La falta de formación, promoción, investigación e incluso de desarrollo de maquinaria adecuada conforman la «barrera de entrada» en la que el mayor bloqueo lo ejercen las ayudas. «El problema real está en que la agricultura ecológica está compitiendo con otra que está subvencionada por todos los lados», contextualiza para asegurar la existencia de una «competencia desleal».

Para José María, el sector necesita «algo más de agilidad» pero irá «recogiendo sus frutos» puesto que «también se están dando pasos en el consumo» que, además, es «mucho más cercano y de temporada».
Aboga, de cara al futuro, por un equilibrio. «Esto no es que todo sea ecológico o todo sea convencional.

Hay cabida para todos. Incluso el hecho de que se desarrolle esta alterativa y se estudie sobre ella puede ayudar a que la intensiva encuentre vías para resolver problemas que hoy solo puede abordarlos a base de plaguicidas», concluye.

APOYO

El presidente autonómico de Asaja pone sobre la mesa «todo el apoyo» de su organización a este modelo sostenible. Como moneda de cambio, Donaciano Dujo pide a sus operadores «el máximo rigor para que no haya fraude».

En el cumplimiento de esta contraprestación considera indispensable una «identificación clara de los productos para que el consumidor no tenga ninguna duda y se le pueda exigir un poco más», en relación al precio. «La sociedad tiene que comprender que la producción es menor, y para que exista y sea rentable tiene que pagar más por la misma», explica. Dujo visualiza cómo la agricultura ecológica «avanza en la conquista de los territorios y de los mercados» de la Comunidad.
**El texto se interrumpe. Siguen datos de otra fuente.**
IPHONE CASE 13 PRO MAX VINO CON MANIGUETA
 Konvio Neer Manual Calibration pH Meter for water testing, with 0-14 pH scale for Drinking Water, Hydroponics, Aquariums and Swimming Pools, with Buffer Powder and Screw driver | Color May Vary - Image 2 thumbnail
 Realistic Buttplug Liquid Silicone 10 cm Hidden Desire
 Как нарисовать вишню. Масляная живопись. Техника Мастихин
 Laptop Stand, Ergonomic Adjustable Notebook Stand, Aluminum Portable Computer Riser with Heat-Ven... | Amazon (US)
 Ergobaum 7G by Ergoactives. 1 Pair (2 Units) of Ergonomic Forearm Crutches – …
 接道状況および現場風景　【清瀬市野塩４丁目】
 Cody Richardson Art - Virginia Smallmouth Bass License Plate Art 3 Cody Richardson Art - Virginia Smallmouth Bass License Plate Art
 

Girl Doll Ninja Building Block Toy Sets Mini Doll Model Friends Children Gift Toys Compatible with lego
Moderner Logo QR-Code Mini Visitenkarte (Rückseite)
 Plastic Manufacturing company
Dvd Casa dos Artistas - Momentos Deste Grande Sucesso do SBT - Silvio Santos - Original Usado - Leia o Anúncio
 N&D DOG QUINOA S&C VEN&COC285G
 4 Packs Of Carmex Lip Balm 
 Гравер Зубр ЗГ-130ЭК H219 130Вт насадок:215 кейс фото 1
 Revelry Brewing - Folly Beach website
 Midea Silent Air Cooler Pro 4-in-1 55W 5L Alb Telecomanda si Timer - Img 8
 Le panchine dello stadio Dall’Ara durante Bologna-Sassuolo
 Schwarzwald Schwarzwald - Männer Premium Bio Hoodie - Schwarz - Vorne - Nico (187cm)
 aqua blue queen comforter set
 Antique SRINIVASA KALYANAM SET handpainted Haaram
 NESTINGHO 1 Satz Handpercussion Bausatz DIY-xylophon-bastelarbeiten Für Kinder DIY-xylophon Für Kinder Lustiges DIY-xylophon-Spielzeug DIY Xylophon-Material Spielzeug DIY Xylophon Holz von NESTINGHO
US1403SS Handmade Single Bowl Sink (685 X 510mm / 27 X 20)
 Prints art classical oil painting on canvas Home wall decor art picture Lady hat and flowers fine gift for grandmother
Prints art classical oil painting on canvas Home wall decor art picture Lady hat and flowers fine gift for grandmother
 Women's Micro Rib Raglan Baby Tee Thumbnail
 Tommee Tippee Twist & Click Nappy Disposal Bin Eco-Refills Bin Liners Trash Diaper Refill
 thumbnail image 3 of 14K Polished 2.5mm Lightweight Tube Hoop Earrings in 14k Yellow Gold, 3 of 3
El coordinador de la alianza UPA-COAG confía en las «enormes posibilidades» de esta alternativa puesto que, a su juicio, «las grandes ciudades empiezan a pensar en el mercado de proximidad» puesto que la gente «busca calidad». Aurelio González apunta que pasar toda la producción a ecológica «no sería la panacea o la solución a los problemas, pues llegarían después con la comercialización». A pesar de ello, reconoce que los productores necesitan «una buena formación y, especialmente, información que les demuestre que los números salen y merece la pena».

Con un dosis de realidad, el responsable de la Unión de Campesinos de Castilla y León (UCCL) coloca a la región «a la cola de España y de Europa». Jesús Manuel González Palacín denuncia que «no se ha apostado» por este sistema, pero reconoce el efecto del plan estratégico. «Se esta notando, aunque el desarrollo es muy lento, muy poco a poco», apunta para terminar exigiendo «garantías de ayudas» que compensen una opción «muy arriesgada».